▶ Exercise aim:
Nothing but the lines below from the one that contains "DOOM (1993) - First" through the one that contains "DNFPK职业新篇章：探索最强职业组合与战术策略解析" should be retyped, exactly and including both ends. Do not include pictures.

▶ Given data:
::::

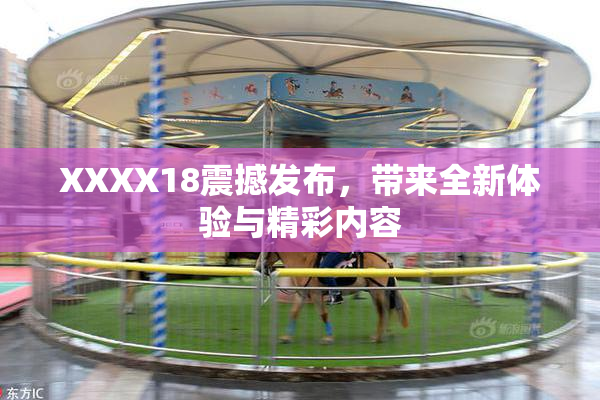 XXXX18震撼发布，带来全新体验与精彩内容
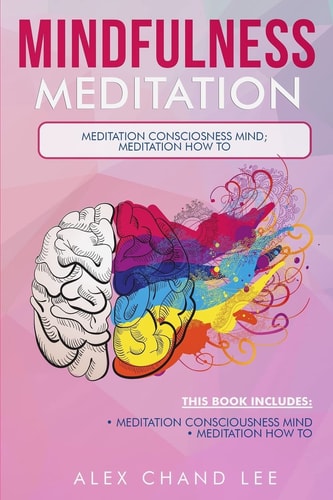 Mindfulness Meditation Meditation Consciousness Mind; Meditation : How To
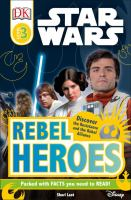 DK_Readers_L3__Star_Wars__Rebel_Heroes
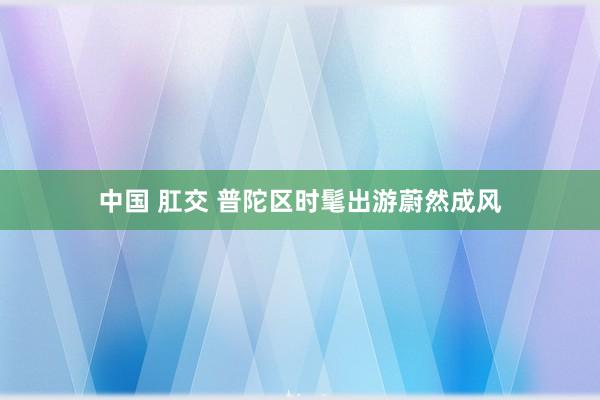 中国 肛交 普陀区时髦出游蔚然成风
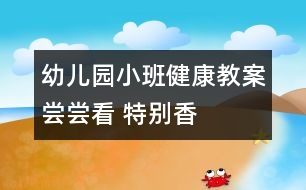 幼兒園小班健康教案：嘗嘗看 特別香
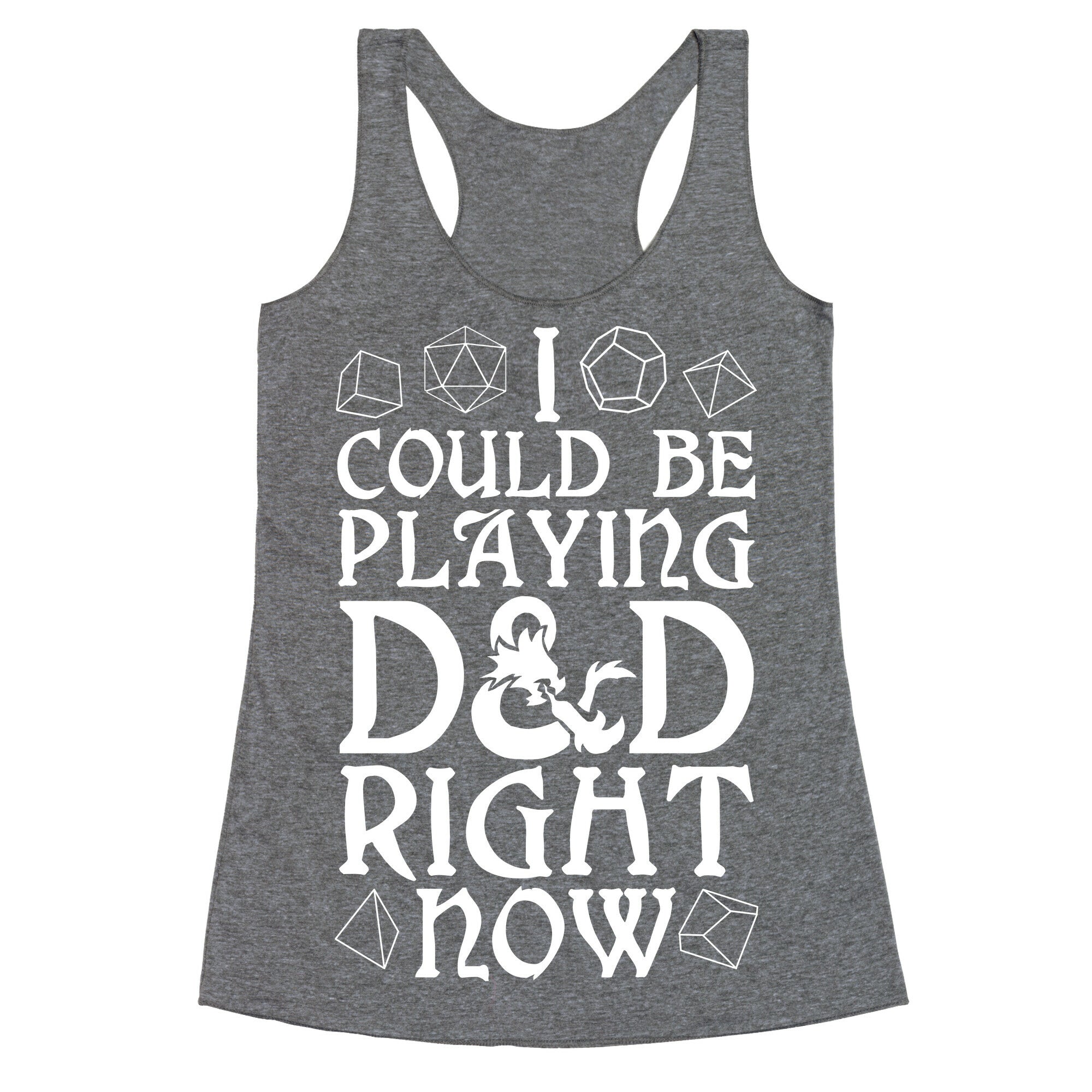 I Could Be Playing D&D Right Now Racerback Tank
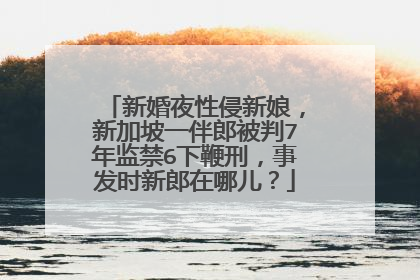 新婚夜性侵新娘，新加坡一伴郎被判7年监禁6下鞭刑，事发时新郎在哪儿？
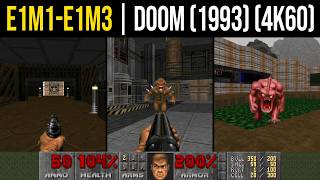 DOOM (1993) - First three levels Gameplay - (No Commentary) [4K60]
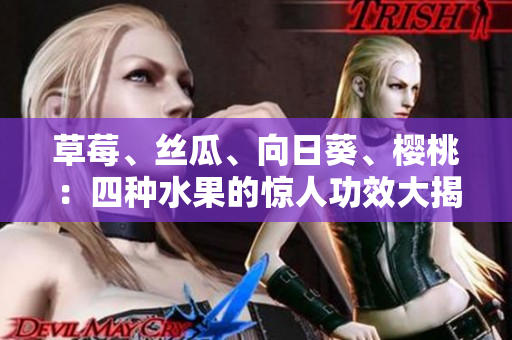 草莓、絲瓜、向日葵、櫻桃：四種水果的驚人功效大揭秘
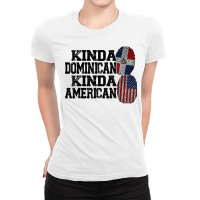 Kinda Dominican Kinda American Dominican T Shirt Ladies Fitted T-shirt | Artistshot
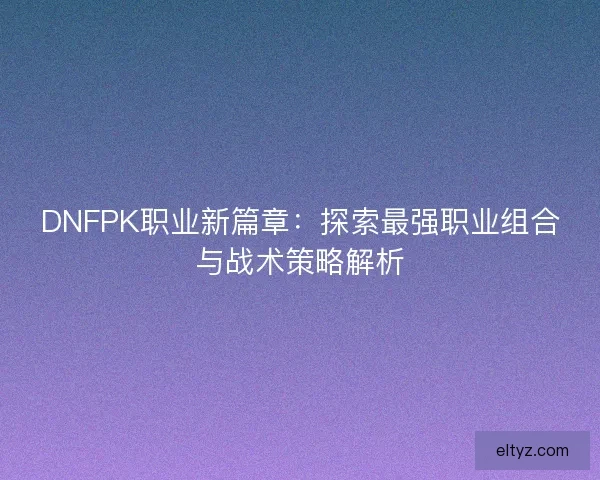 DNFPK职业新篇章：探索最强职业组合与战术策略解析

::::

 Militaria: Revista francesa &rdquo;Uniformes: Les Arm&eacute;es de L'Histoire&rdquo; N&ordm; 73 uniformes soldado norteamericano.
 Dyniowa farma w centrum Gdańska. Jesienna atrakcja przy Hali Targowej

::::

▶ Response area:
 DOOM (1993) - First three levels Gameplay - (No Commentary) [4K60]
 草莓、絲瓜、向日葵、櫻桃：四種水果的驚人功效大揭秘
 Kinda Dominican Kinda American Dominican T Shirt Ladies Fitted T-shirt | Artistshot
 DNFPK职业新篇章：探索最强职业组合与战术策略解析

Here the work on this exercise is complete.